As organizations look to decrease the time it takes to develop and deploy this new type of data-driven application, they are often hindered by long-training times, the need to retrain models continuously, and the difficulty of monitoring and updating models in production as business drivers and the data landscape continuously change.

The integrated and streamlined data science pipelines that Iguazio provides enables benefits like distributed model training across multiple tools, including Spark, Presto, and Python Dask. This is a particularly potent capability when that distributed training can occur across various configurations, including GPU acceleration, such as is possible with Iguazio's approach.

This integrated, yet distributed method enables organizations to improve training performance. But it’s not the only way that these new approaches help organizations speed time-to-delivery of these applications.

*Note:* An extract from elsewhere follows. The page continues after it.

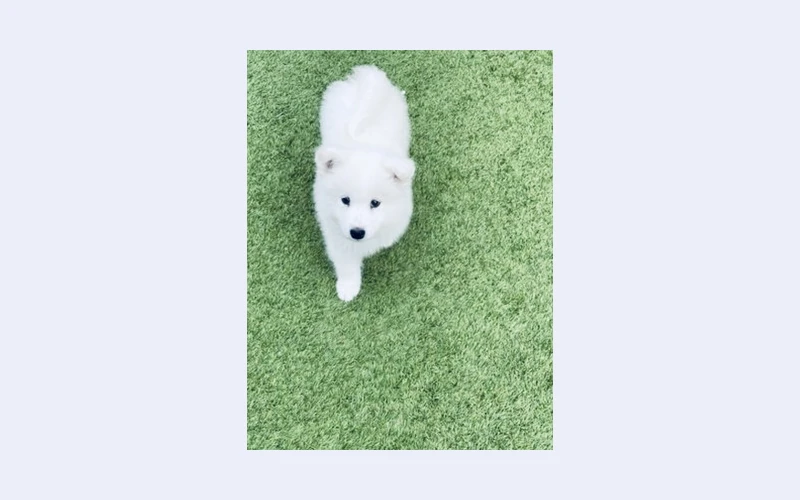 4 lovely Samoyed puppies for sale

The ability to use continuously updated data during model training helps organizations avoid one of the most significant deployment bottlenecks: the need to continually retrain models because training data does not match production data.

Beyond model development and training, however, organizations are increasingly focusing their attention on the deployment and monitoring of models in production, particularly as they begin implementing intelligent applications at-scale. Using data-centric platforms, such as Iguazio, helps organizations reorient their management paradigm away from the pipeline and to the data itself.

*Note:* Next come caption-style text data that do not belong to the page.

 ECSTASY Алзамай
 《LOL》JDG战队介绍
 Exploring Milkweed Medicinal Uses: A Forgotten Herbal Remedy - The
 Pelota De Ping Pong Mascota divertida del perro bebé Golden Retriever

In practice, that means that these platforms become the central hub from which data scientists convert models into production, collaborate on development, and dynamically monitor and update deployed models. Key to these capabilities is Iguazio's serverless functions, which enable the platform to seamlessly bridge the gap between development and production.

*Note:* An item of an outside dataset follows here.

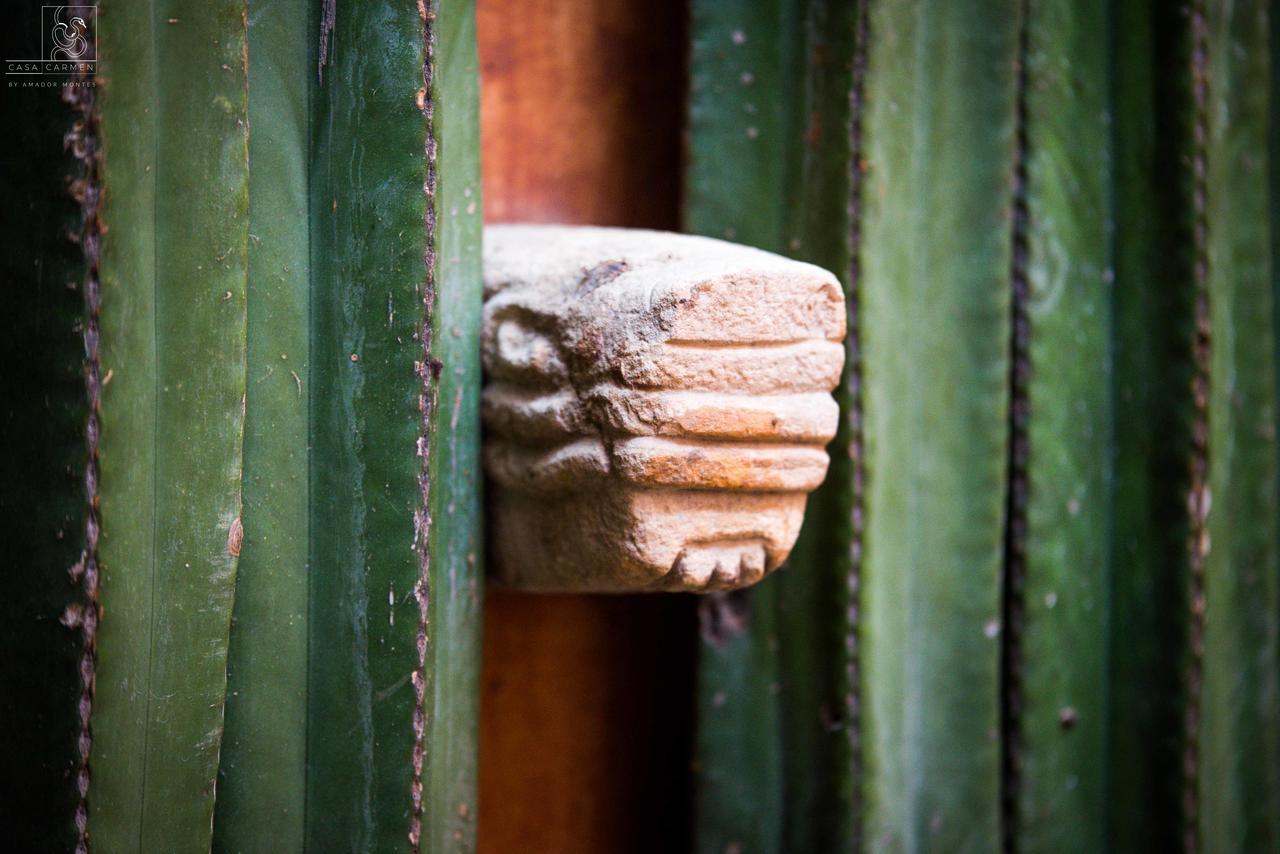 Casa Carmen Reforma Hotell Oaxaca Eksteriør bilde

The Intellyx Take: Getting Out of the Data and Environment Management Business

The data science function is now a critical enterprise capability. To maximize its value to the organization, however, data science leaders must be bold, must transform traditional data pipelines into continuous data science pipelines, and must relentlessly focus their efforts on the ability to rapidly create and sustain the intelligent, data driven applications that the modern organization now needs to compete. To do so, those responsible for the data science function within enterprises must focus on one thing: getting their data scientists out of the data and environment management business. Every moment that a data scientist spends finding data, massaging it, getting it where it needs to be, waiting for training to occur, retraining models because they had incomplete or inaccurate data, or managing the environments they need to perform these actions, is time wasted — and time that is not creating value for the organization. It is now clear that incremental adaptions of existing data pipelines will not be sufficient to help organizations free their data scientists to spend the majority of their time on those activities that create value. Instead, organizations should be looking to next-generation platforms, like Iguazio, that will allow them to create new data science pipelines, and reorient their data scientists away from the functions of data and environment management, and towards the activation of data through intelligent applications. In short, they need to break free of the belief that the dirt road they are on is the only road possible and, instead, think about how they can pave it. It is only through this reimagining that organizations can bring everything together so that their data science teams can stop thinking about data, and instead put it to work.

Charles Araujo, Principal Analyst, Intellyx

Charles Araujo is an industry analyst, internationally recognized authority on the Digital Enterprise and author of The Quantum Age of IT: Why Everything You Know About IT is About to Change. As Principal Analyst with Intellyx, he writes, speaks and advises organizations on how to navigate through this time of disruption. He is also the founder of The Institute for Digital Transformation and a sought after keynote speaker. He is a regular contributor to CIO.com and has been quoted or published in Time, InformationWeek, CIO Insight, NetworkWorld Computerworld, USA Today, and Forbes.